In this project, I developed a comprehensive framework to replicate and analyze key investment factors that are widely used in hedge fund strategies. The objective was to deepen my understanding of asset pricing anomalies and the construction of long-short portfolios by recreating several popular factors—similar to those found in the Capital IQ Alpha Factor Library—using historical stock data.

## Overview & Objectives

- **Replication of Investment Factors:**  
  I focused on replicating seven fundamental factors including Price Momentum, Analyst Expectations, Long-Term Momentum, Valuation (Book-to-Price), CAPM Beta, Size (Log Market Cap), and 12-Month Realized Price Volatility. The goal was to recreate these factors over a sample period from 1970 to 2019, ensuring the results correlated strongly (targeting correlations of 0.9 or higher) with benchmark data.

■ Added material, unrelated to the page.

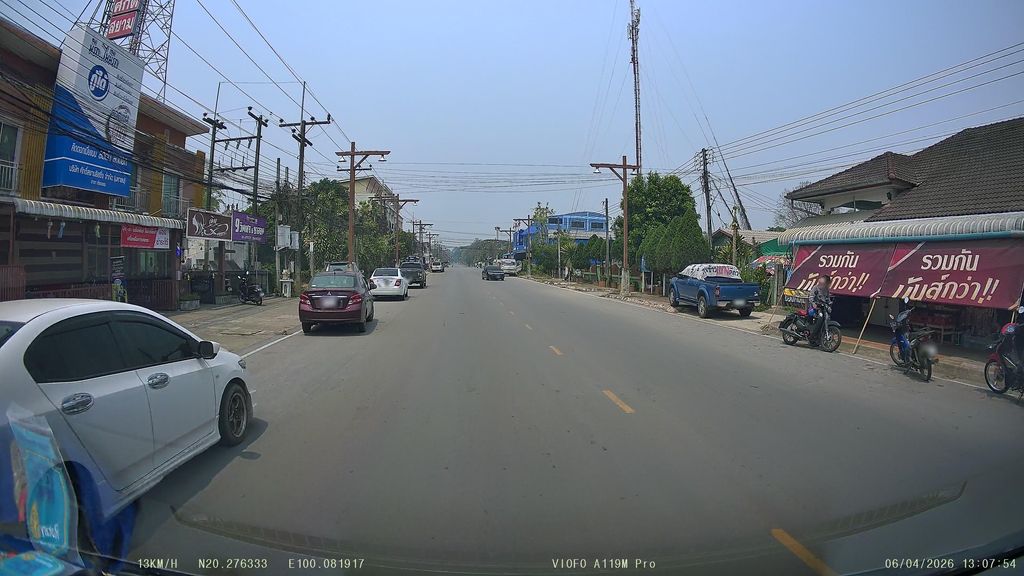 ภาพถนนตรงที่ อิ่มปลาเผาเชียงแสน ตั้งอยู่ ถ่ายโดย ThailandCambodia พ.ศ. 2569 (2026) · A street-level view of where อิ่มปลาเผาเชียงแสน · Implaphao Chiang Saen stands, by ThailandCambodia in 2569 (2026)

- **Data-Driven Approach:**  
  Utilizing a well-organized dataset sourced from major financial databases (Compustat-Capital IQ and I/B/E/S Thomson Reuters), I processed historical stock returns and firm-level characteristics. The dataset included extensive information on S&P 500 constituents, acknowledging the dynamic nature of the index over time.

## Methodology

- **Data Processing & Organization:**  
  I standardized the data to a monthly frequency and transformed individual variables into matrix forms, where each row represented a date and each column a firm. This allowed for efficient computation and portfolio construction.

- **Portfolio Sorting & Construction:**  
  Stocks were sorted into quintiles based on the specific characteristics relevant to each factor. I constructed equal-weighted portfolios, rebalancing them monthly, and calculated the quantile spread (difference between the top and bottom quintile returns) as a measure of factor performance.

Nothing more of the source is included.